I have an HPI pro 4! runninf fixed spool on the front! sway bars front and rear!


----------



## TeamReliantRC (Mar 27, 2006)

http://www.srcmcc.co.uk/ goto track! its on the exit of the corners! mainly the one that is just clipped from the picture in the 1st photo, and also the one with the car just going out of shot!

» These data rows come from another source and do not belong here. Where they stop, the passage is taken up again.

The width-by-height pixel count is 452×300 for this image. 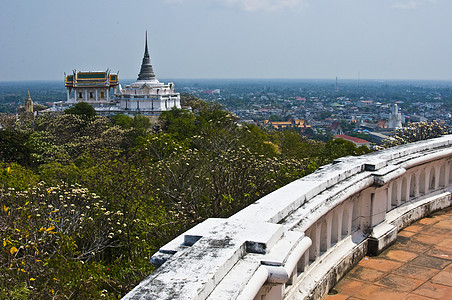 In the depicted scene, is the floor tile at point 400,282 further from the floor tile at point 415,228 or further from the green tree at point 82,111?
the green tree at point 82,111

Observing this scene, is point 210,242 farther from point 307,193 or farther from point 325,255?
point 325,255

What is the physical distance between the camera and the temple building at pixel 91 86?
51.1 metres

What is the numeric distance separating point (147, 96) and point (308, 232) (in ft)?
148

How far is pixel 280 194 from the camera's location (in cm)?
380

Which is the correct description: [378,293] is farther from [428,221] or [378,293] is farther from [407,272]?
[428,221]

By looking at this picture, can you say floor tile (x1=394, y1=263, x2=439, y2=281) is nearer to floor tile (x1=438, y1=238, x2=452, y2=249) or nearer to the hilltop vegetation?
floor tile (x1=438, y1=238, x2=452, y2=249)

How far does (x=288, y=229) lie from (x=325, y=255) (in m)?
0.88

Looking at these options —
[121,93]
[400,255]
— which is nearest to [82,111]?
[121,93]

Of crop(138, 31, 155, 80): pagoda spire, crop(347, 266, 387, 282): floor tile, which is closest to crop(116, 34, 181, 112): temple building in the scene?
crop(138, 31, 155, 80): pagoda spire

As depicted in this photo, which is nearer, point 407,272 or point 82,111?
point 407,272

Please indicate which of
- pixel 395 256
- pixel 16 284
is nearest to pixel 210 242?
pixel 395 256

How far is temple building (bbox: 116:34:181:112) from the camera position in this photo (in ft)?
156

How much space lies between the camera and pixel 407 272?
428 centimetres

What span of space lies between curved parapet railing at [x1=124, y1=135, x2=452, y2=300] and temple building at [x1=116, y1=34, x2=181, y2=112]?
139 feet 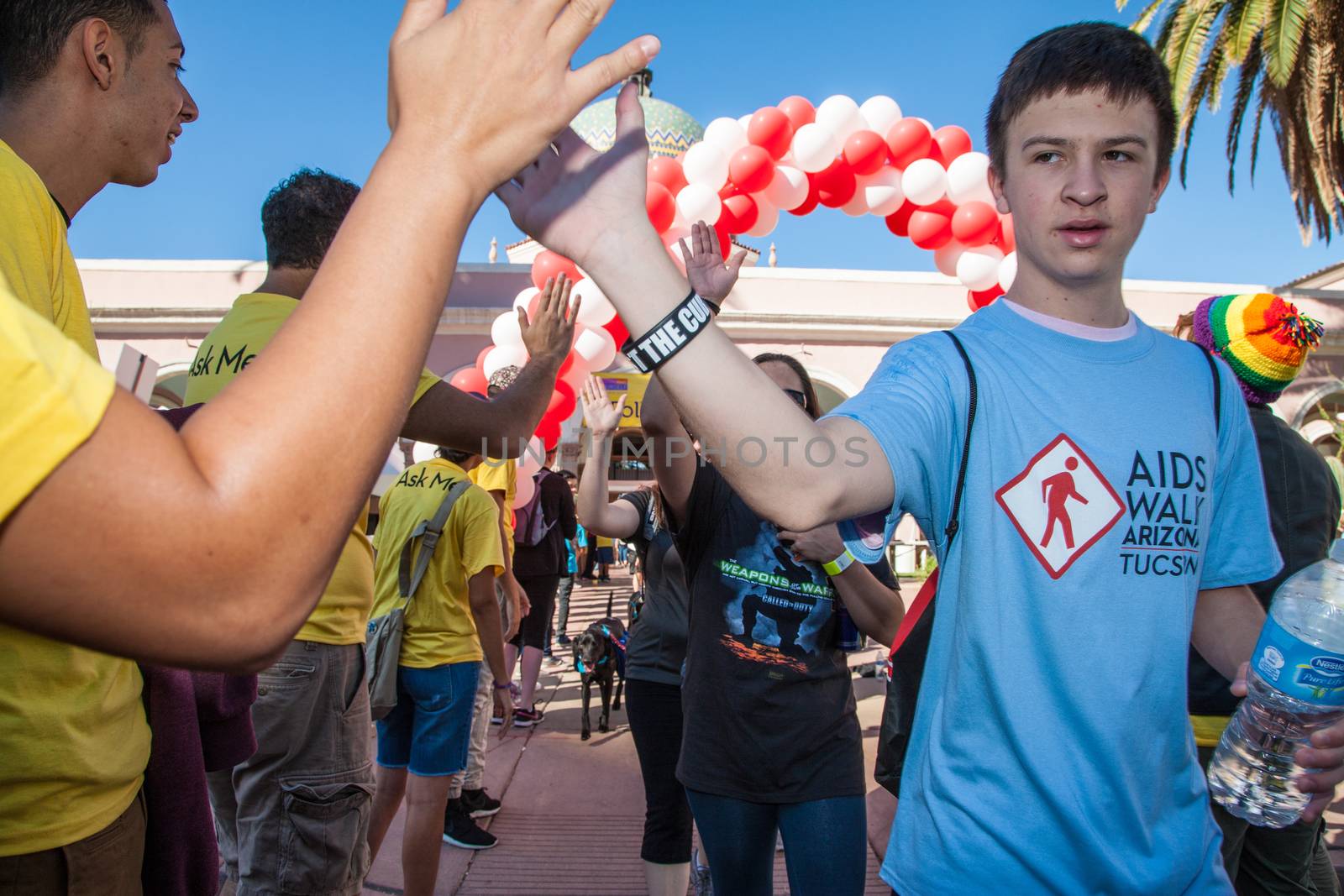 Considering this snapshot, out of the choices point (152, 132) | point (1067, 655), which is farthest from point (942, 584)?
point (152, 132)

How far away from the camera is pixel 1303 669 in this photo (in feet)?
4.29

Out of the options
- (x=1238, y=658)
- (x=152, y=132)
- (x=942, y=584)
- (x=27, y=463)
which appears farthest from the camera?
(x=152, y=132)

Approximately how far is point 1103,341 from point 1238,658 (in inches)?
24.5

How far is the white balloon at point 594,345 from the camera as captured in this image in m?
5.97

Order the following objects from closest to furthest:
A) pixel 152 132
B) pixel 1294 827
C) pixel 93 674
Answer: pixel 93 674, pixel 152 132, pixel 1294 827

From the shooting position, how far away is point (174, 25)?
1710mm

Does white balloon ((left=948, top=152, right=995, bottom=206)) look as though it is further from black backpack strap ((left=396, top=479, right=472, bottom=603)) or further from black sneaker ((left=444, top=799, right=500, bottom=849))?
black sneaker ((left=444, top=799, right=500, bottom=849))

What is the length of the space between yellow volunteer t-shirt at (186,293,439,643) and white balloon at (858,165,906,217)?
4.41m

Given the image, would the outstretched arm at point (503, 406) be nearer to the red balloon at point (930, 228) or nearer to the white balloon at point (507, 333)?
the white balloon at point (507, 333)

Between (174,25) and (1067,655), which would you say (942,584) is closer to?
(1067,655)

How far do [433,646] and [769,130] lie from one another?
3.98 meters

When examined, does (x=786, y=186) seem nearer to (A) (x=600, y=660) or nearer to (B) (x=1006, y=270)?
(B) (x=1006, y=270)

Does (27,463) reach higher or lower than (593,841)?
higher

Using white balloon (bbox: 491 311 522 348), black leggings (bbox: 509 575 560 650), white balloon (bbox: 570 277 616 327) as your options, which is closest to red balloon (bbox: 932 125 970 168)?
white balloon (bbox: 570 277 616 327) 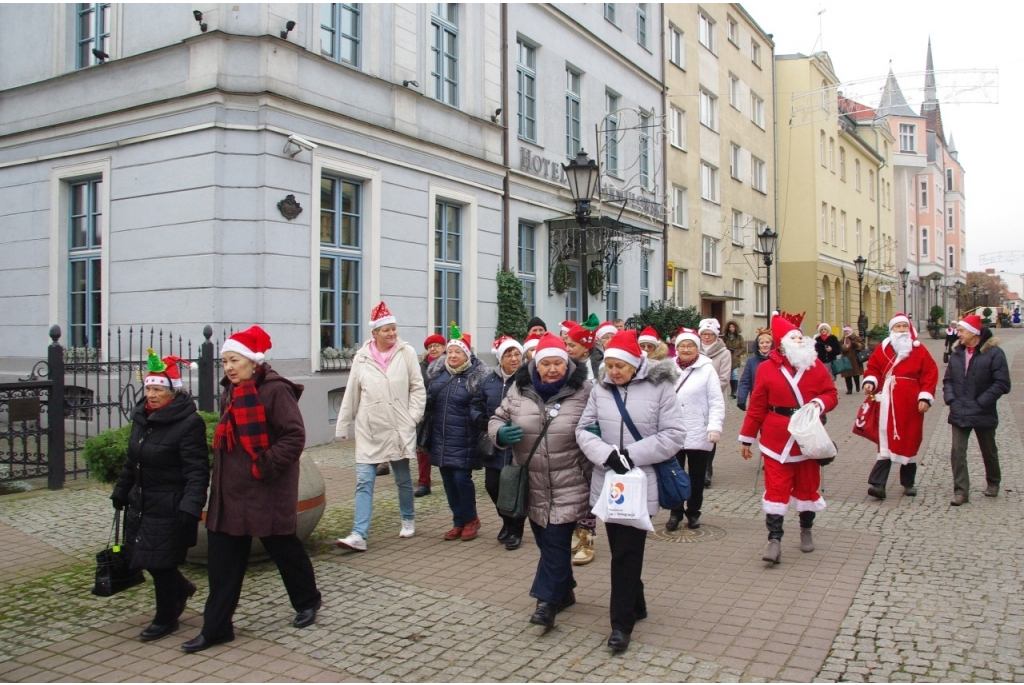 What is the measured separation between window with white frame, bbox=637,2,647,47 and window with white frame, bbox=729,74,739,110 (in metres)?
8.50

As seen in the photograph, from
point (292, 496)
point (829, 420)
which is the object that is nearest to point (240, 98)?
point (292, 496)

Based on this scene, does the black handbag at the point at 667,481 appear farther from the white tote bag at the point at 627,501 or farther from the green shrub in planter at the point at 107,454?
the green shrub in planter at the point at 107,454

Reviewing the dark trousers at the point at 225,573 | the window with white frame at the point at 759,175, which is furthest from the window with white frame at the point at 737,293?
the dark trousers at the point at 225,573

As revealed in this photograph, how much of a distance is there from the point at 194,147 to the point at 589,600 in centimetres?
924

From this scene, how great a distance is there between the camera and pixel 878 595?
5723 mm

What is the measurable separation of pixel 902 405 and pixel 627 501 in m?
5.41

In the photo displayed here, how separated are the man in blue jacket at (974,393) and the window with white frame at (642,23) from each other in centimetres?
1793

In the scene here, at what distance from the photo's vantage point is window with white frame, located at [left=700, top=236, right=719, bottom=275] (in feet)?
97.9

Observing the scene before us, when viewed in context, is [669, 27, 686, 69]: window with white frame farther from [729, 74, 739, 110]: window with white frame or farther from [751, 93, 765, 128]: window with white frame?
[751, 93, 765, 128]: window with white frame

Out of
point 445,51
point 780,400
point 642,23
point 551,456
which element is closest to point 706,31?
Result: point 642,23

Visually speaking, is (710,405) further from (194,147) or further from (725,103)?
(725,103)

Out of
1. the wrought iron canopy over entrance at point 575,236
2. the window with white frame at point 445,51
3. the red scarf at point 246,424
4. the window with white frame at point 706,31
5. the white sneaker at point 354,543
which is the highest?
the window with white frame at point 706,31

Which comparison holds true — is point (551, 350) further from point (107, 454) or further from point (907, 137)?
point (907, 137)

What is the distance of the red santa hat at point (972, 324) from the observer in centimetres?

I have 80w oil in shocks front + rear.
Soft springs all round. 5mm ridehight all over.
rollbar front/rear
fixed spool on the front
cs22 tures with grip add.
middle hole on wishbone for shock angle!


----------



## rayhuang (Sep 26, 2001)

TeamReliantRC said:


> http://www.srcmcc.co.uk/ goto track! its on the exit of the corners! mainly the one that is just clipped from the picture in the 1st photo, and also the one with the car just going out of shot!
> 
> I have 80w oil in shocks front + rear.
> Soft springs all round. 5mm ridehight all over.
> ...


What about droop-what was that? First off I bet your shock oil is too heavy for cold outdoors.


----------



## RcCzarOfOld (Nov 7, 2005)

Go one stage stiffer on the front springs and drop the oil weight to probably 40. Then take off the rear anti-roll bar.


----------



## Z.Hallett (Dec 14, 2005)

your shock wt. is way to heavy. the car will react too slow and wieght will not transfer fast enough and not give enough traction. also the piston inside the shock could be way to small for the wt. of the oil you are running. what are the camber link positions at on the towers? what about shock position on the towers? 
-things we need to know to help you.


----------